**Work item**
Word for word, restate the lines from the one holding "Por decisión dividida, en" through the last line of the material below, and leave every picture out.

[Listed records — start]

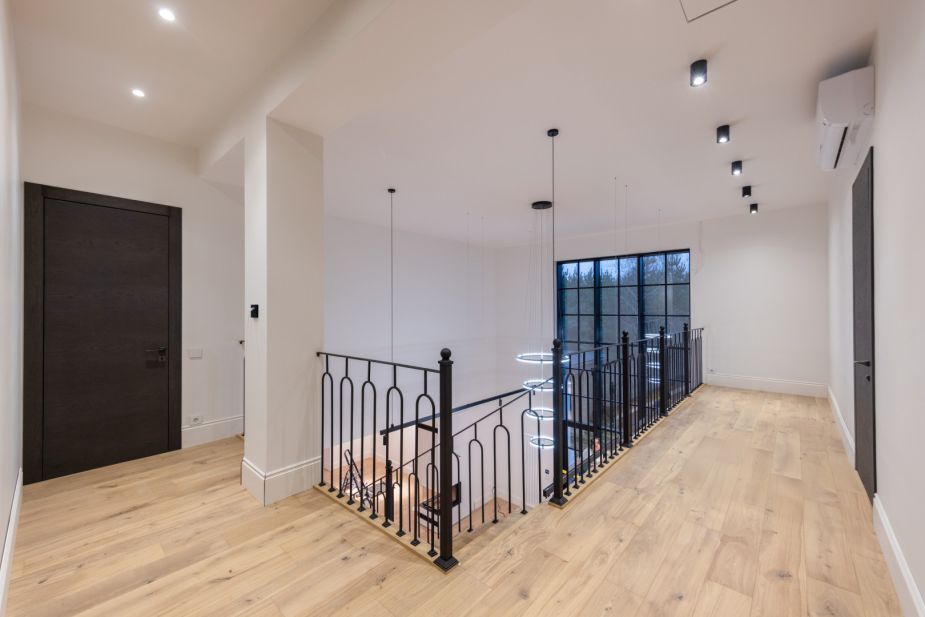 Стильный дом в КП Европа-1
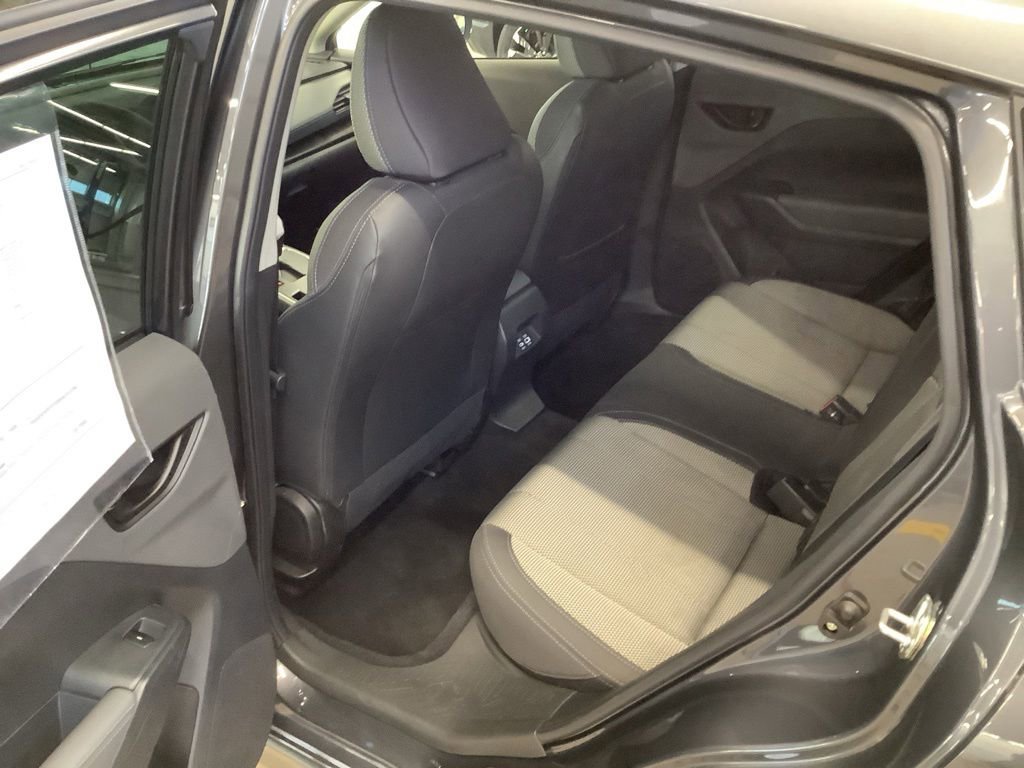 Used 2024 Subaru Crosstrek 2.0i Premium AWD/4WD image 12
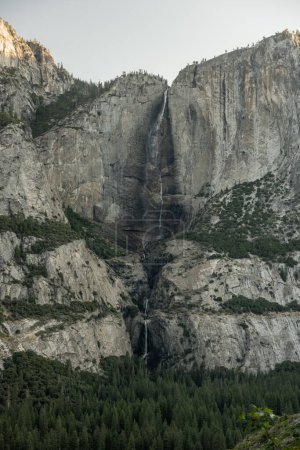 Téléchargez les photos : Chutes Yosemite supérieure et inférieure à travers la vallée De Four Mile Trail par un matin d'été - en image libre de droit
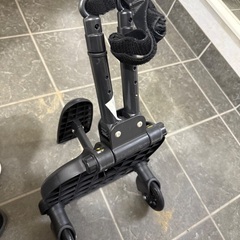 受け渡し決定しました 【ベビーカーに二人載せが可能に！ 】ベビーカー ステップ ベビーカーステップ 上の子 補助ペダル ベビーカーボード ステップボード バギー サドル付き 二人乗り用ボード 二人乗り 取り付け簡単 収納可能 2WAY お出かけ ボード 2輪の画像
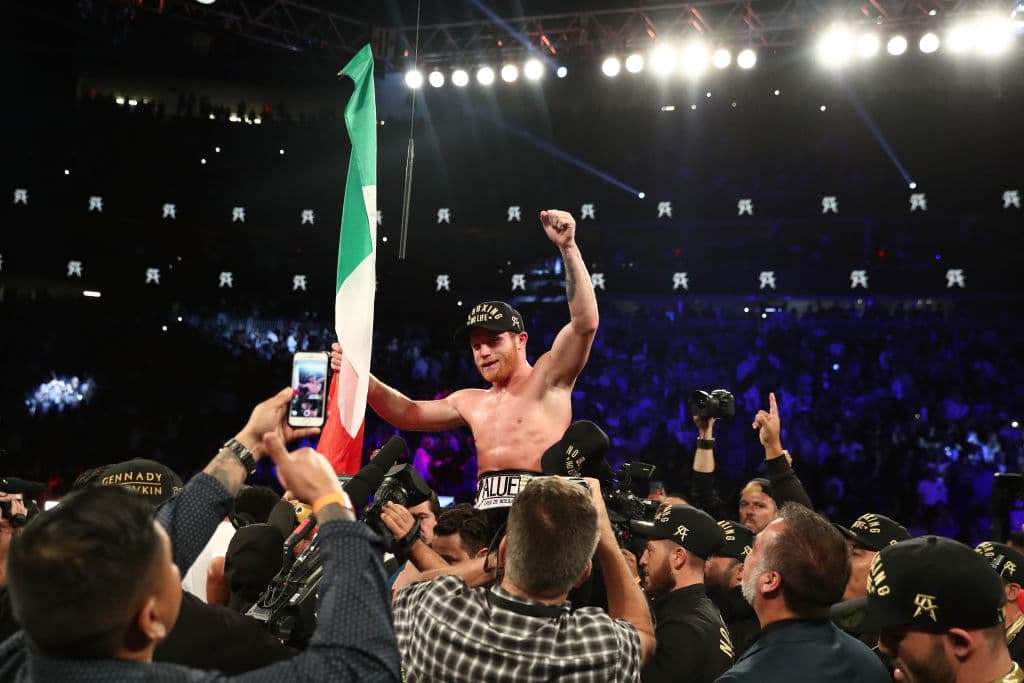 Por decisión dividida, en un combate de antología, Saúl 'Canelo' Álvarez le quita el invicto a Gennady Golovkin en una trepidante pelea de cabo a rabo que tuvo de pie en T-Mobile Arena.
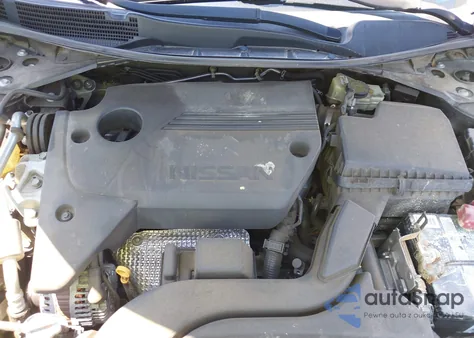 2015 Nissan Altima 2.5 S z USA, uszkodzony, nr VIN 1N4AL3AP4FN918649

[Listed records — finish]

**Reply to the exercise**
 Por decisión dividida, en un combate de antología, Saúl 'Canelo' Álvarez le quita el invicto a Gennady Golovkin en una trepidante pelea de cabo a rabo que tuvo de pie en T-Mobile Arena.
 2015 Nissan Altima 2.5 S z USA, uszkodzony, nr VIN 1N4AL3AP4FN918649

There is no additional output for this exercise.